Take the entries below and print only the lines from the one with "Düz parlak çok" through the one with "Students gather around", exactly as they stand, both ends included.

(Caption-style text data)
+--

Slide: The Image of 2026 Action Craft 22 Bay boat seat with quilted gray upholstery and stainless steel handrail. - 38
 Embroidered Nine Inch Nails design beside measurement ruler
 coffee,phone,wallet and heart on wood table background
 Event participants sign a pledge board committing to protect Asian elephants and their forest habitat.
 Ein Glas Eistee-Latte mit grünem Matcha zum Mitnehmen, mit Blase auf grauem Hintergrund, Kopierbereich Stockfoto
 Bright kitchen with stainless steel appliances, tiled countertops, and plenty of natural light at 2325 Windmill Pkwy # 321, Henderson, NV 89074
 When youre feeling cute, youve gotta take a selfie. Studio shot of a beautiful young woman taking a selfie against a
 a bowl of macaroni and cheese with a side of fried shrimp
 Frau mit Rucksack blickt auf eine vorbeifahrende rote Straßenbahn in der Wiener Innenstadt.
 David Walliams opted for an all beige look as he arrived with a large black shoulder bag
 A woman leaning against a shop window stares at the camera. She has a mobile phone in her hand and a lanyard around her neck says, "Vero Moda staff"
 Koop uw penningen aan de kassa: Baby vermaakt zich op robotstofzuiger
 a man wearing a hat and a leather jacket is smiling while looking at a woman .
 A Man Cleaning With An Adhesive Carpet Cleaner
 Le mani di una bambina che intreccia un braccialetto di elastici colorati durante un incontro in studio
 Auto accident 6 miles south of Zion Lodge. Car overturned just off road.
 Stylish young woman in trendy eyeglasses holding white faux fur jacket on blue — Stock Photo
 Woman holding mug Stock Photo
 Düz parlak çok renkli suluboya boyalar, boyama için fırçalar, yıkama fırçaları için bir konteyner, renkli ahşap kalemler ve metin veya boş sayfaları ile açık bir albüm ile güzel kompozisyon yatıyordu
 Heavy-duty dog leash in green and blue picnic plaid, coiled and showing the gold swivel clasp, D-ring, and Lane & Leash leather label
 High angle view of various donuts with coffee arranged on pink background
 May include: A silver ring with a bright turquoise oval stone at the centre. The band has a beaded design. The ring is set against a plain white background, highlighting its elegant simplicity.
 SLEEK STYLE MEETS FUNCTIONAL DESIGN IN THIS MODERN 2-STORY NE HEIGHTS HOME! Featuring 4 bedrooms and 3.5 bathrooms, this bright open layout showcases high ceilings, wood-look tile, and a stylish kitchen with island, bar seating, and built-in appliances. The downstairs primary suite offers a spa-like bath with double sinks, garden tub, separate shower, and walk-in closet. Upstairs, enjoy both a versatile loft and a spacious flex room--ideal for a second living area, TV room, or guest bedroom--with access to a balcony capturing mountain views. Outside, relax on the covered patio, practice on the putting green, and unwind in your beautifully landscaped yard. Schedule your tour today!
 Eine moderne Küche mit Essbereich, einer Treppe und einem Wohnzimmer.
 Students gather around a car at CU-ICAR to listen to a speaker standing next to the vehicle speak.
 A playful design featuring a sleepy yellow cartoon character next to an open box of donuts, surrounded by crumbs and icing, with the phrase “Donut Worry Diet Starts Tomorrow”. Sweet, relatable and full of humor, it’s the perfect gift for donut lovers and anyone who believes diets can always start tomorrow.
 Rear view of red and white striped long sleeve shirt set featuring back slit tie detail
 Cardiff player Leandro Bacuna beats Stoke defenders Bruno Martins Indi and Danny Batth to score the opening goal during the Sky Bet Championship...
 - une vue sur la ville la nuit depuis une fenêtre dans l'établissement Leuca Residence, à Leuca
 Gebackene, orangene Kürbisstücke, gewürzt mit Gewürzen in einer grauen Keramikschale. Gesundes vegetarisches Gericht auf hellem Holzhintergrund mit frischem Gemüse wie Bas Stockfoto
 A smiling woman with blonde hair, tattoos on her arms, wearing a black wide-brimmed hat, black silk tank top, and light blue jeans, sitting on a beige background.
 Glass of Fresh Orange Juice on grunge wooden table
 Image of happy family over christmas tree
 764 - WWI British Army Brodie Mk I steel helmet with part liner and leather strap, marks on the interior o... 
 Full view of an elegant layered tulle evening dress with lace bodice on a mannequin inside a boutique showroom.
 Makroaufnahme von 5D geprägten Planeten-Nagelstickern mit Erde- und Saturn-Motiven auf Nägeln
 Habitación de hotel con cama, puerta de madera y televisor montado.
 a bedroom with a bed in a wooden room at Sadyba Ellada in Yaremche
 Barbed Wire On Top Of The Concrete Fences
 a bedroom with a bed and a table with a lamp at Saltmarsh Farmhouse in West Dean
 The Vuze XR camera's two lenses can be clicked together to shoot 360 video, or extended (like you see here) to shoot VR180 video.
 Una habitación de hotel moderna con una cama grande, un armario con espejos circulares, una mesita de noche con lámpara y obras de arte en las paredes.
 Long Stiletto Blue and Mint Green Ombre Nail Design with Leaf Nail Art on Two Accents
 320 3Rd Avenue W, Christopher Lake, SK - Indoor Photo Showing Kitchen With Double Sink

+--

Reply to the exercise:
 Düz parlak çok renkli suluboya boyalar, boyama için fırçalar, yıkama fırçaları için bir konteyner, renkli ahşap kalemler ve metin veya boş sayfaları ile açık bir albüm ile güzel kompozisyon yatıyordu
 Heavy-duty dog leash in green and blue picnic plaid, coiled and showing the gold swivel clasp, D-ring, and Lane & Leash leather label
 High angle view of various donuts with coffee arranged on pink background
 May include: A silver ring with a bright turquoise oval stone at the centre. The band has a beaded design. The ring is set against a plain white background, highlighting its elegant simplicity.
 SLEEK STYLE MEETS FUNCTIONAL DESIGN IN THIS MODERN 2-STORY NE HEIGHTS HOME! Featuring 4 bedrooms and 3.5 bathrooms, this bright open layout showcases high ceilings, wood-look tile, and a stylish kitchen with island, bar seating, and built-in appliances. The downstairs primary suite offers a spa-like bath with double sinks, garden tub, separate shower, and walk-in closet. Upstairs, enjoy both a versatile loft and a spacious flex room--ideal for a second living area, TV room, or guest bedroom--with access to a balcony capturing mountain views. Outside, relax on the covered patio, practice on the putting green, and unwind in your beautifully landscaped yard. Schedule your tour today!
 Eine moderne Küche mit Essbereich, einer Treppe und einem Wohnzimmer.
 Students gather around a car at CU-ICAR to listen to a speaker standing next to the vehicle speak.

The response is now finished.